RECORDS FOR THE TASK
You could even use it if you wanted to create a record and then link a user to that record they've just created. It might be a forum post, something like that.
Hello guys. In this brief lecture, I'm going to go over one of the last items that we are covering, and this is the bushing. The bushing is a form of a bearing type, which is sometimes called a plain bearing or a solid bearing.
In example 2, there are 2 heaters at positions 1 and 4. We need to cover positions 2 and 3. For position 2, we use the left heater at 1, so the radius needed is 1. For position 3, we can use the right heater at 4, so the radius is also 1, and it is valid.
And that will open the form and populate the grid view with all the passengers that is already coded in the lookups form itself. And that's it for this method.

---

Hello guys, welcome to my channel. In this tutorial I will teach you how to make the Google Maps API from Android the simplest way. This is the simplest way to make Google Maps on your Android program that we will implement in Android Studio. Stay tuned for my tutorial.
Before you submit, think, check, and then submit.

WHAT THE TASK ASKS
Within the material above, the line with "Hello guys, welcome" opens the range and the line with "Before you submit, think, check, and" closes it; reproduce that range word for word.

SOLUTION FOR THIS PROBLEM
Hello guys, welcome to my channel. In this tutorial I will teach you how to make the Google Maps API from Android the simplest way. This is the simplest way to make Google Maps on your Android program that we will implement in Android Studio. Stay tuned for my tutorial.
Before you submit, think, check, and then submit.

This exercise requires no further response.